RIYADH: Saudi Arabia should embrace its Shia minority to prevent Iran from using them to destabilise the kingdom, experts said after four Shias were shot dead in clashes with police.

But they also advised Saudi security forces to clamp down on suspected armed men infiltrating protests, after the interior ministry said gunmen with foreign agendas had attacked security forces in the Eastern Province.

“The region is going through a historic phase,” said a political science lecturer at Riyadh’s King Saud University, Khaled al-Dakheel.

“This should be borne in mind when dealing with the Shia issue so that it does not become a political card for foreign parties to play,” he said, in a clear reference to Iran.

Warning that the Arab Spring which has swept the region and toppled three autocratic leaders could reach any part of the Middle East, Dakheel said the Shias should be recognised as full citizens.

“Shias are citizens.
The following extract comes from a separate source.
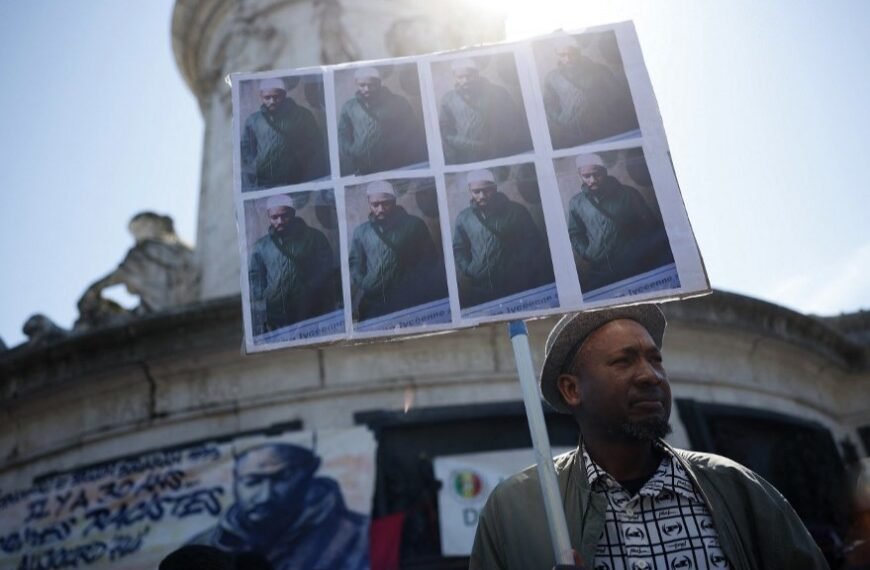 Fransız Müslümanlar, cami cinayetinin 'İslamofobik' şiddetini göz ardı ediyor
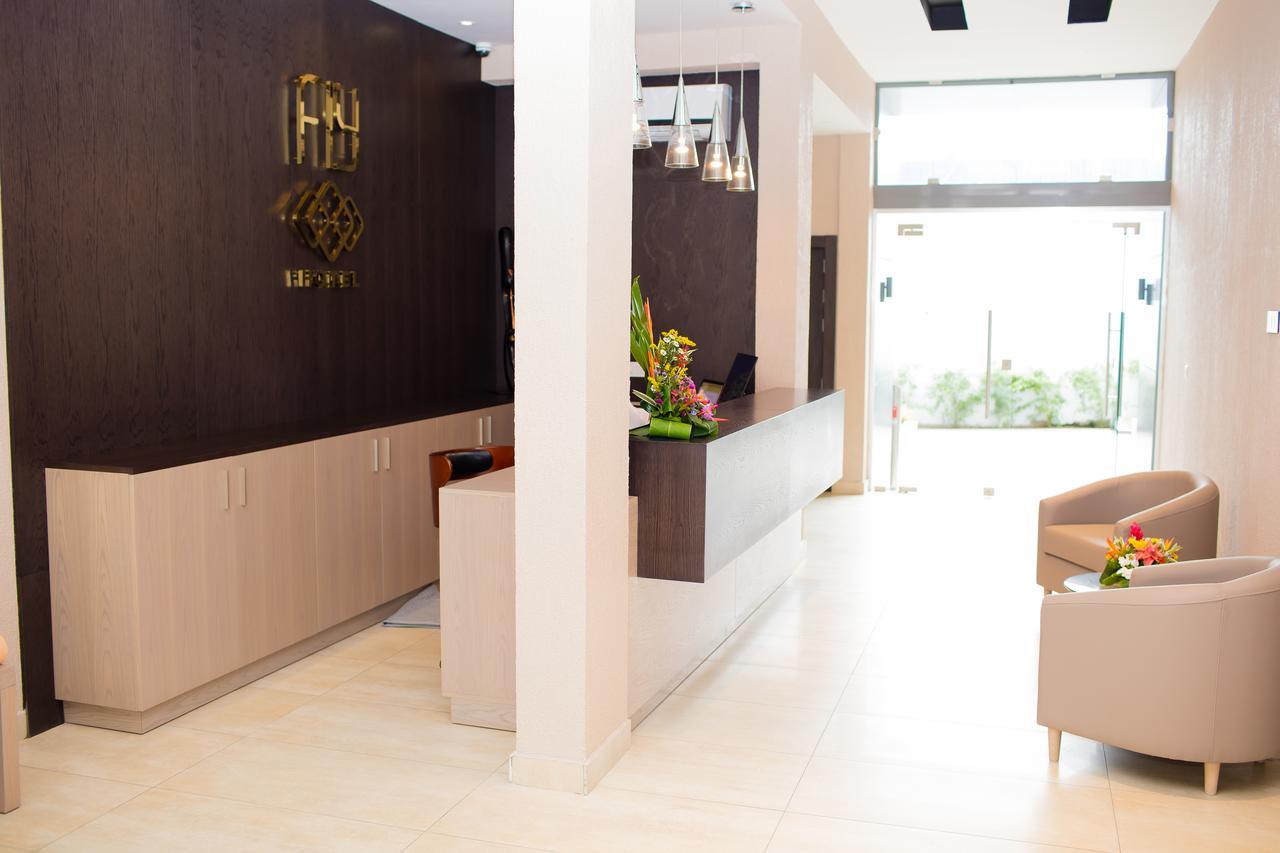 Fly Hotel Libreville Kültér fotó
They stress that, and should be treated on these bases. But they should also voice their demands as citizens and not as Shias,” he said.

“The difference between sects is part of a social and intellectual pluralism in the society that should contribute to enrichment, not division,” he argued.
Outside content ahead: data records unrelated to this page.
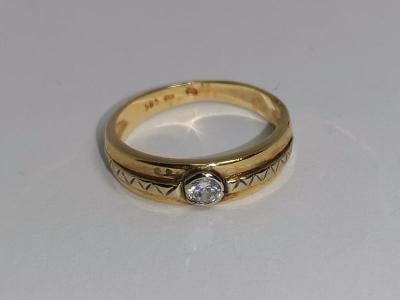 Zlatý dámský prsten se zirkonem 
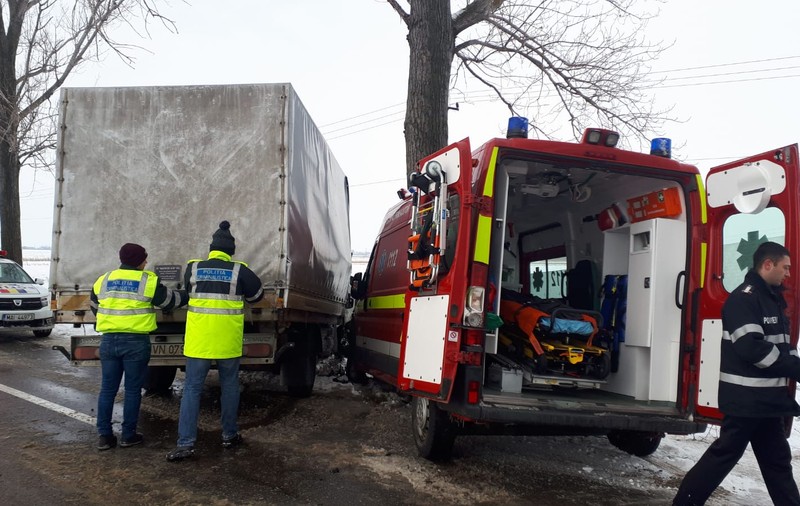 Accident cu o ambulanță SMURD, soldat cu cinci victime. Doi paramedici, printre răniți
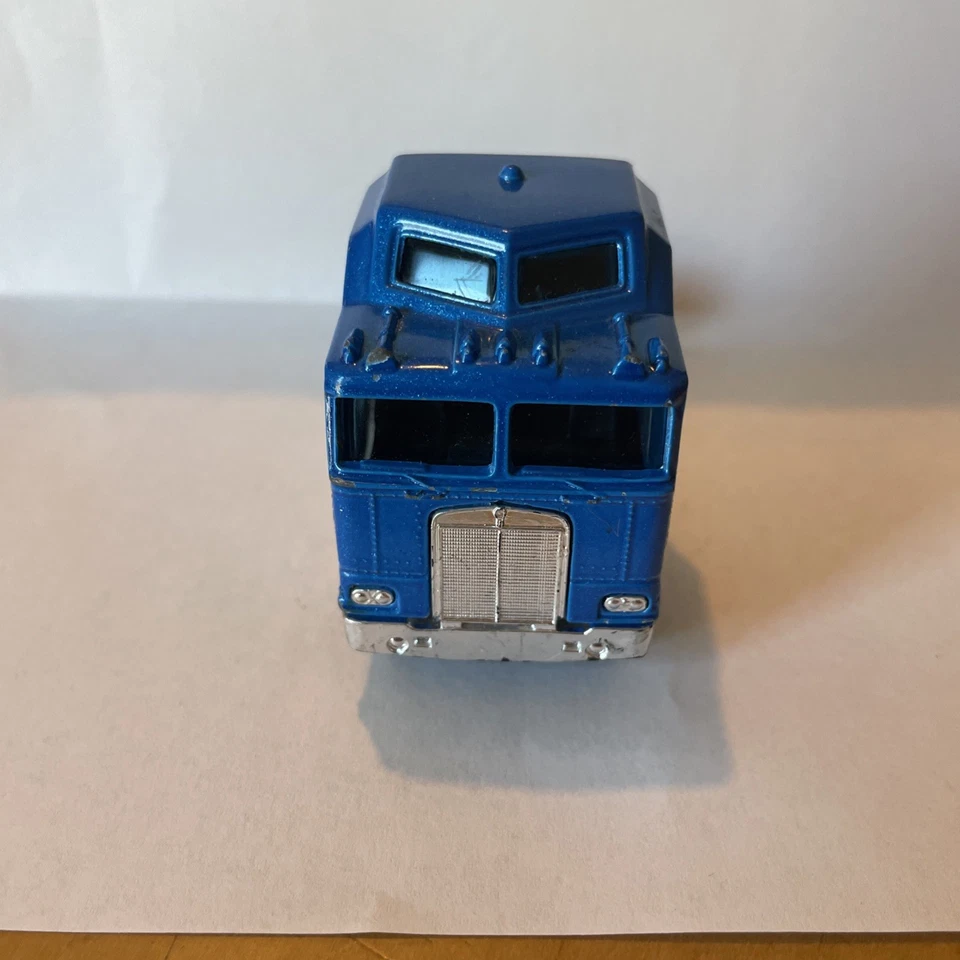 YATMING KENWORTH K100 DIECAST TRUCK Blue/Silver Stripes Loose  Cab Over - Image 2 of 4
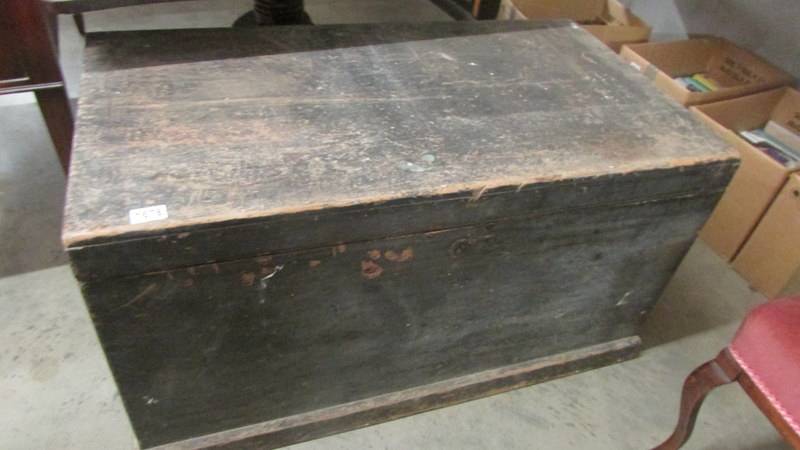 A large pine blanket box. COLLECT ONLY.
Four Shias were shot dead this week in Qatif in the Eastern Province, scene of protests. The interior ministry said security forces had come under fire from gunmen operating on “foreign orders.”

The region that is home to the majority of the kingdom’s Shia population of around two million is no stranger to uprisings, going back to 1979 with riots which came hot on the heels of the Islamic revolution in Iran.

In March, Shias in the oil-rich Eastern Province demonstrated in sympathy with fellow Shias in neighbouring Bahrain, after security forces clamped down on pro-democracy protests led by that country’s majority Shia community.

Qatif protesters were back on the street in October demanding the release of those arrested in March.

But this week, the interior ministry said two policemen were wounded by gunfire in the confrontations, in an unprecedented development.

“This is the first time that gunfire is used in a demonstration,” said the head of the Dubai-based Gulf Research Centre, Abdulaziz al-Sager.

He said the government should clamp down on gunmen, just as it did with Sunni militants from Al-Qaeda who were behind an upsurge of violence in the kingdom between 2003 and 2006.

But he also argued the government should appease the Shias.

“The government should work on the political and social front with Shia leaders who reject foreign meddling,” he said. “The government should act to prevent foreign infiltration.”

The governor of the Eastern Province, Prince Mohammed bin Fahd bin Abdul Aziz, is said to have told Shia dignitaries that the interior ministry will be probing the deaths of protesters.

The head of the Jeddah-based Middle East Centre for Strategic Studies, Anwar Eshki, blamed Iran for the unrest.

“Iran wants to cause trouble in Saudi Arabia. This is a matter that goes back more than 20 years, since the (Iranian) pilgrims were mobilised, but they have failed,” he said.

In 1987, clashes between Saudi police and Iranian pilgrims demonstrating in Mecca left 402 people dead, including 275 Iranians.

“Things appear to have developed, from demonstrations to terrorist attacks ... Saudi Arabia will deal with them in the future on the basis of being terrorists,” he said.

In Iran, a hard-line senior cleric said on Friday that the Al-Saud dynasty should give up power, warning that the fate of Egypt’s toppled president Hosni Mubarak awaits King Abdullah.

“You should give up power and leave it to the people. They will establish a people’s government,” Ayatollah Ahmad Jannati said in the weekly Muslim prayers at Tehran University.